The aerospace engineering aspect of this project is on designing, building, and integrating the tools (i.e. the flying vehicles) we use in the demonstration and practical sessions. We plan to build remote-controlled model planes and eventually autonomous unmanned aerial vehicles (UAVs), uniquely designed for demonstration purposes. We plan to integrate live-streaming video (e.g. FPV), GPS navigation, and other capabilities to make things more exciting.

Detailed analysis on the flight performance of these UAVs will need to be done, not only for the formality of the design process and to simulate the flight behavior, but also to show to the secondary school students that we can use math to predict how these planes will fly even before they take-off. That'll be eye-opening and motivating to the students, I guess, when they see that the maths they are learning at school actually have some real applications.

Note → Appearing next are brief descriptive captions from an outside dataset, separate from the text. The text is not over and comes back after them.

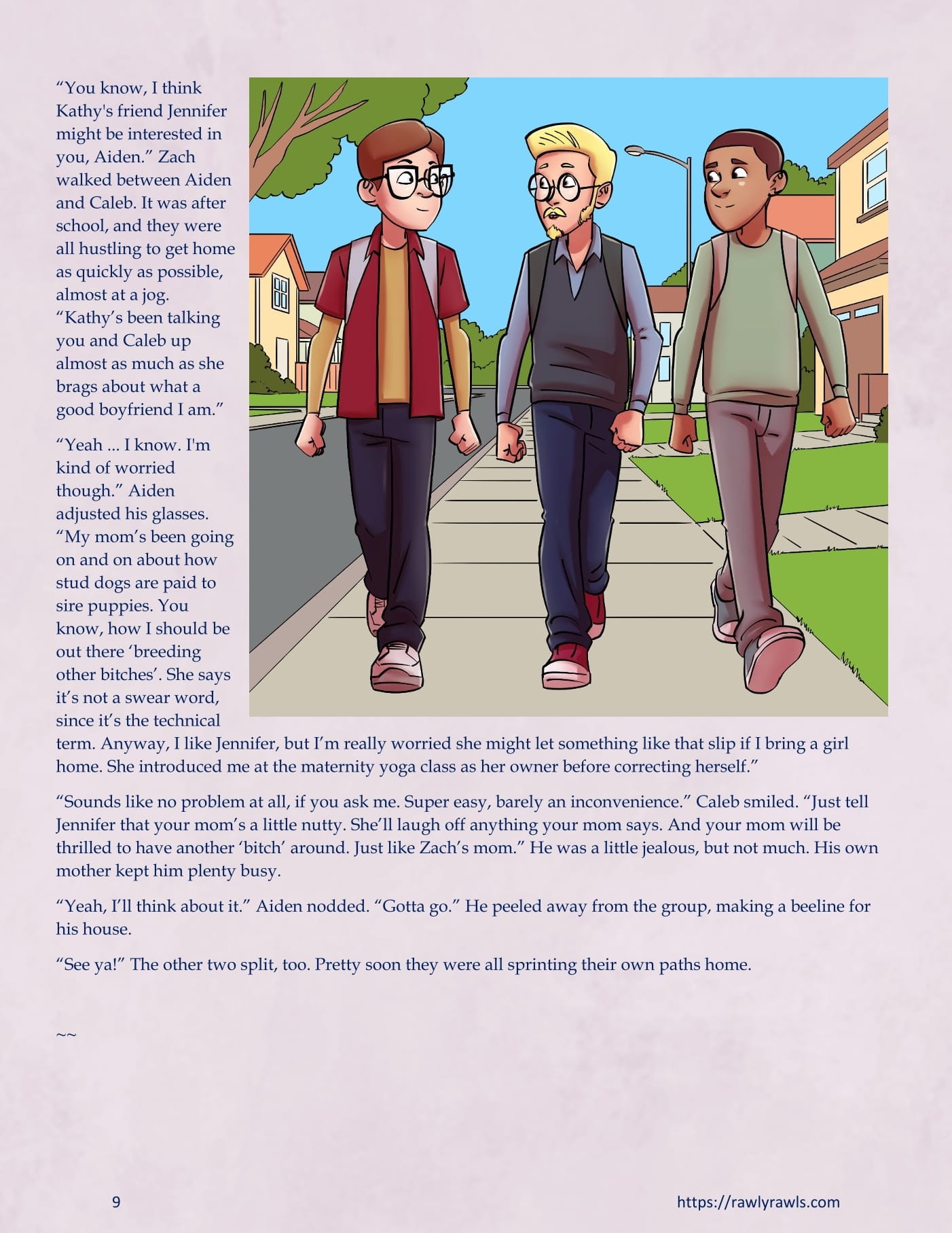 Inevitable [SeventeenSam , RawlyRawls] - Chapter 32 — Page 9
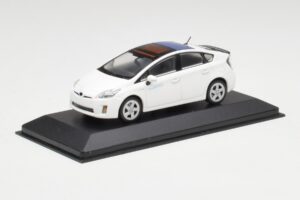 Toyota Prius XW30 スーパーホワイト Minichamps 1:43 PRIUS001 メタル - 画像 2/4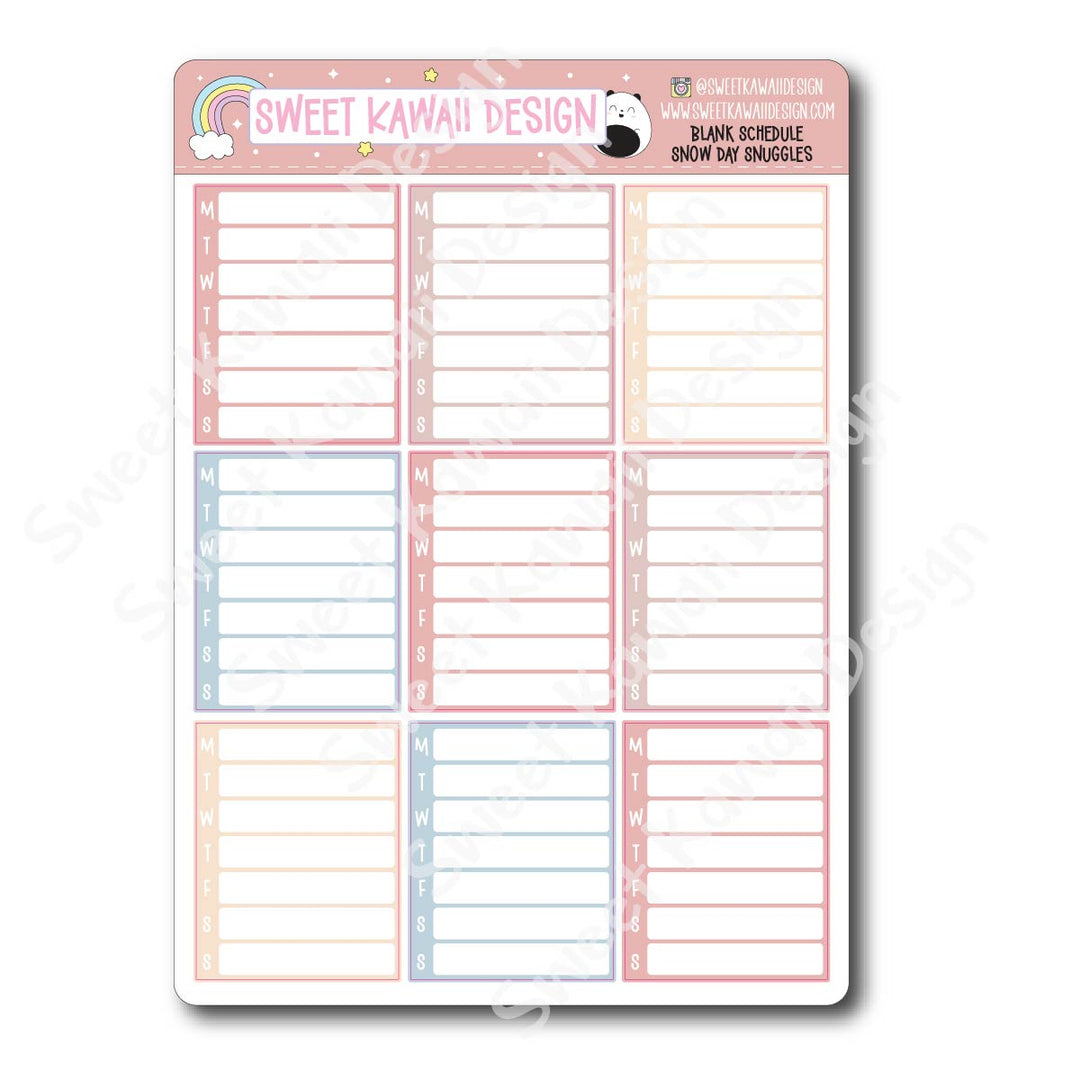 Two Dollar Basics - Snow Day Snuggles - Options Available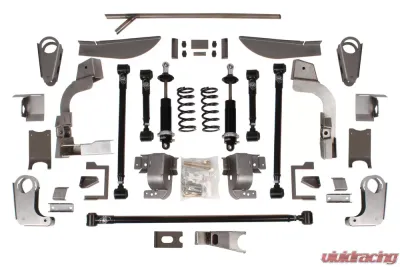 Detroit Speed QUADRALink Suspension Kit 1970-81 Camaro Single Adj Shocks - 041711-SADS
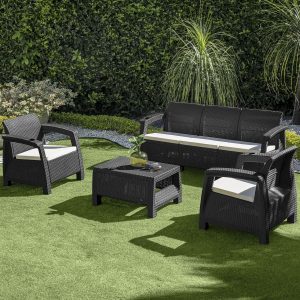 Sala elegance 5 puestos jardin terraza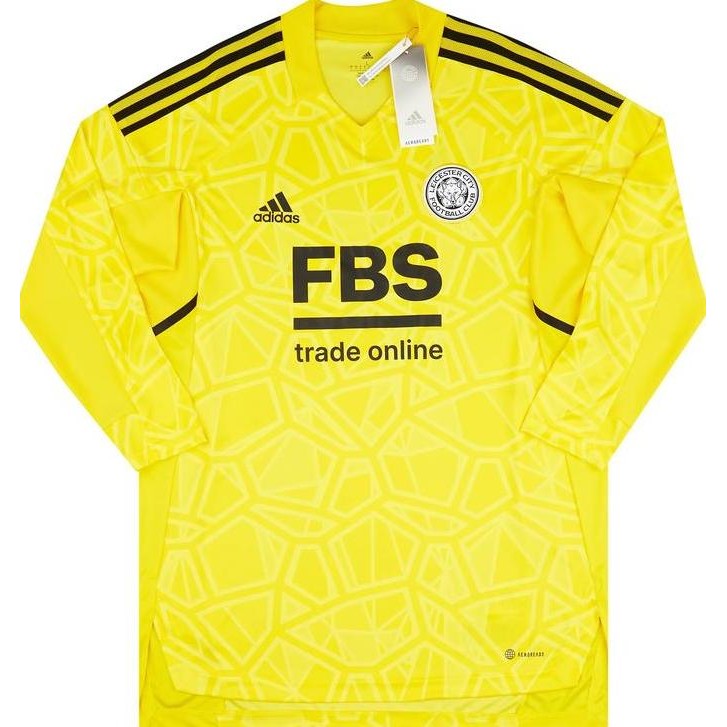 ORIGINAL Leicester City 22/23 Goalkeeper Away Shirt Jersey bola pria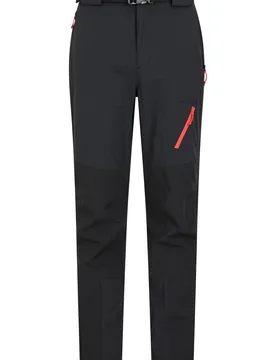 Forest Mens Trekking Trousers - Short Length - Black - Black - Size: W32 - Mountain Warehouse - FashionsVida
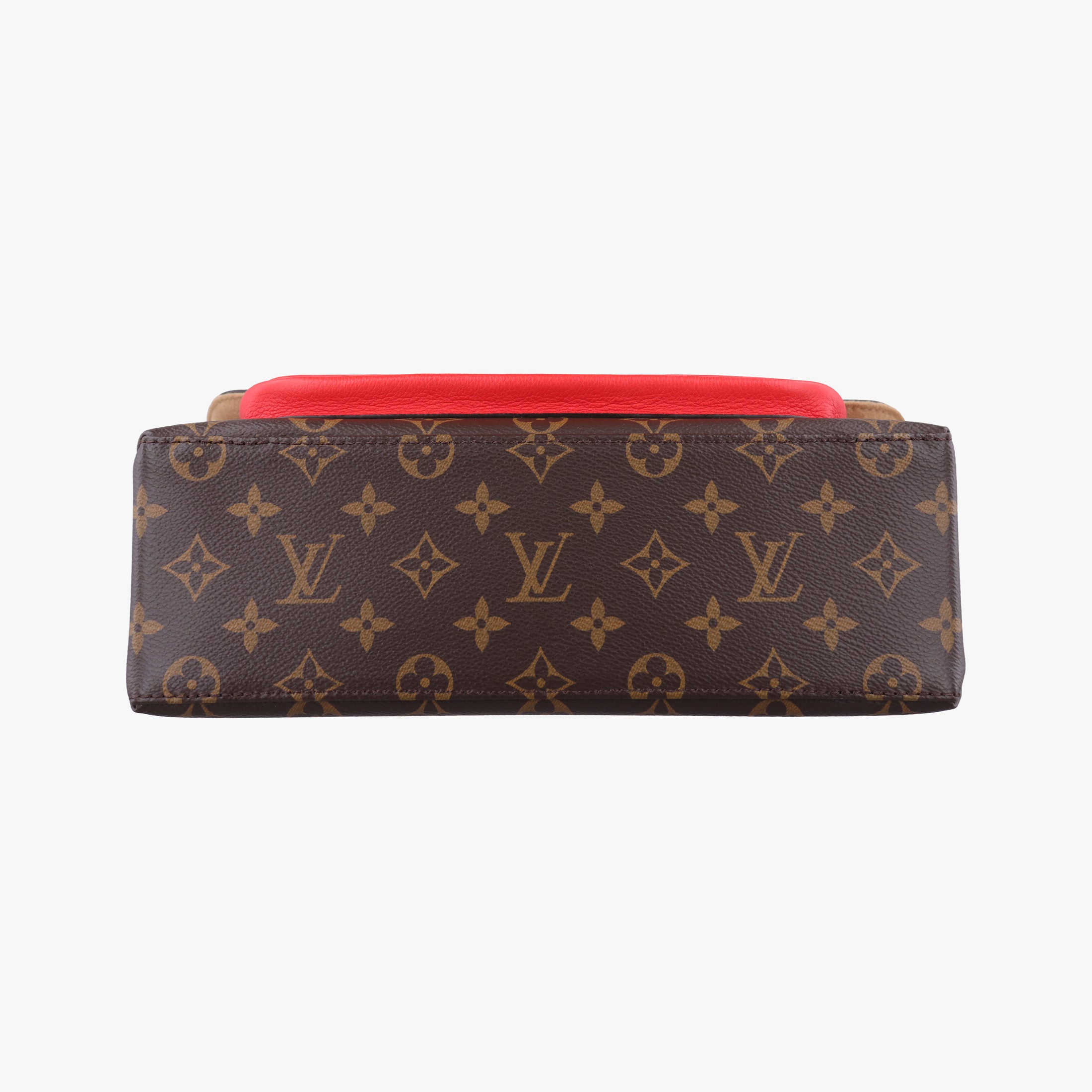 Pre-owned Louis Vuitton MARIGNAN Brown×COQUELICOT Monogram Canvas×calf leather M44286 shoulderbag | stylenewstar
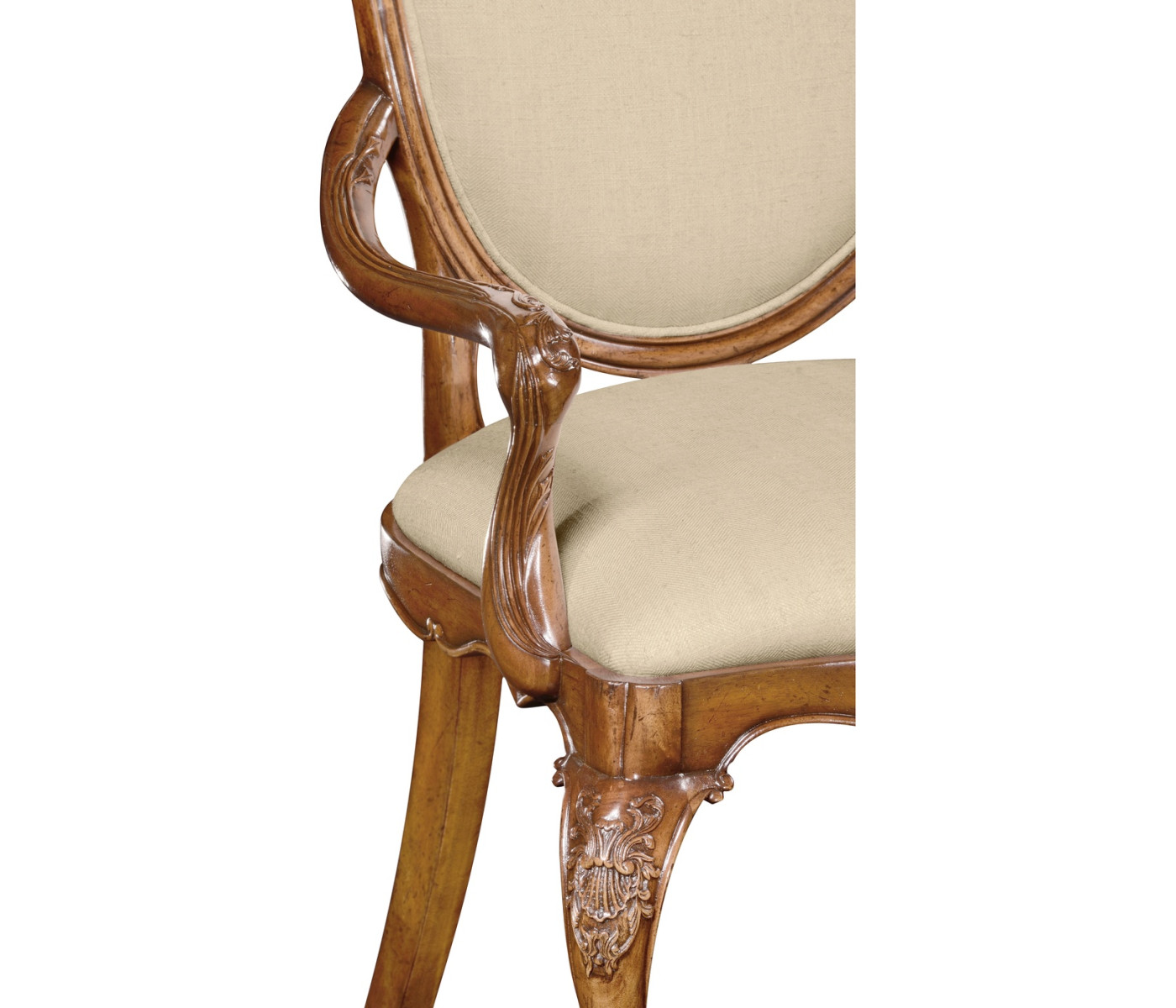 Shield Back Satinwood Arm Chair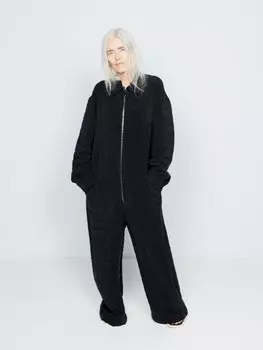 Стеганый комбинезон оверсайз Raey, синий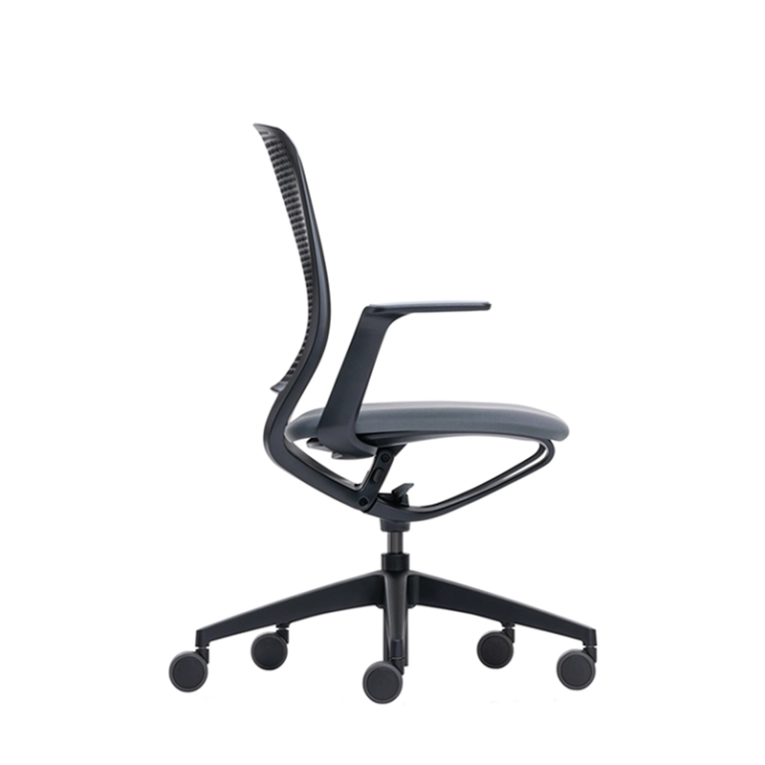 Fauteuil de bureau SE:MOTION assise rembourrée Anthracite 60025/ structure noire SILVERA PRO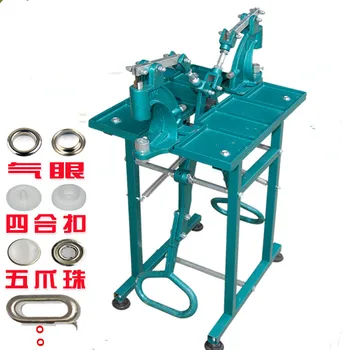 Punch Button Press Machines /Maker Foot Hand Press Machine for Metal Snap button ,Eyelets , Rivet ,Make holes
Punch Button Press Machines /Maker Foot Hand Press Machine for Metal Snap button ,Eyelets , Rivet ,Make holes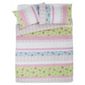 Tesco Rosebud Print Single Duvet Set, Pastel - Pink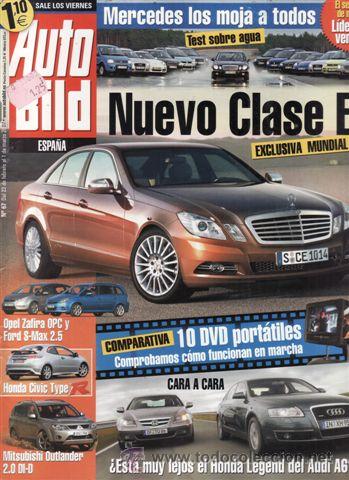 Coches: REVISTA AUTO BILD N&ordm; 67 A&Ntilde;O 2007.COMP HONDA LEGEND 3.5 V6 Y AUDI A6 3.2 FSI QUATTRO. OPEL ZAFIRA OPC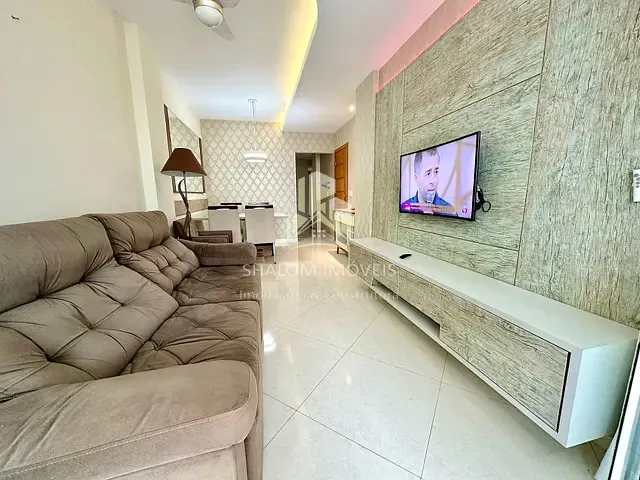 Apartamento 2 quartos e 3 banheiros, para alugar, no bairro Praia do Morro em Guarapari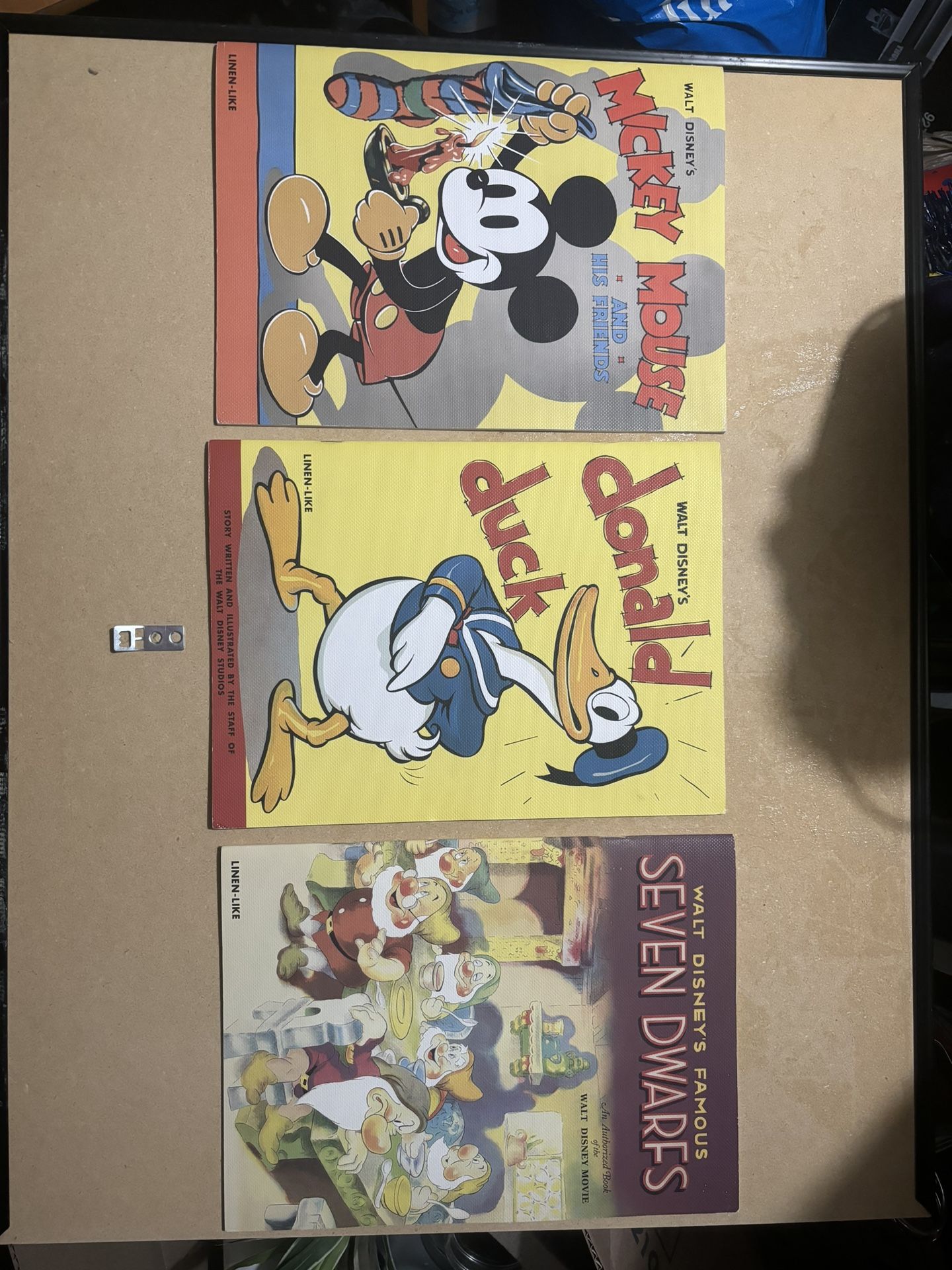 Disney “Linen-like” Books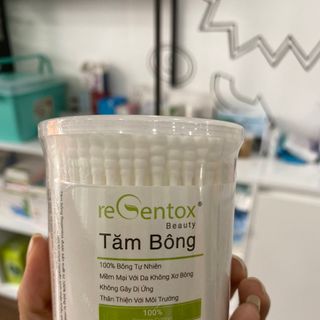 Tăm Bông Regentox hộp tròn 200 que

Another engineering aspect of the project is on designing what tools to be used for the students in their hands-on activities. Obviously, when it comes to aerospace, it will have to be about building something that flies. But what, and how complex? That's the interesting part, where we need to think carefully on this practical module so that the students get a real sense of excitement when building something creatively using the newly acquired knowledge they learn in this program. These hands-on activities should also bring into students a sense of exploration, self-discovery, trial-and-error, team-working, and competitiveness (probably within a competition between students to build the best products).

Update 5/2/2014: Students working on designing UAVs in this project will mostly use CEASIOM (Computerised Environment for Aircraft Synthesis and Integrated Optimisation Methods), a new multidisciplinary aircraft design software developed under a large European project through a collaboration of 17 partnerships.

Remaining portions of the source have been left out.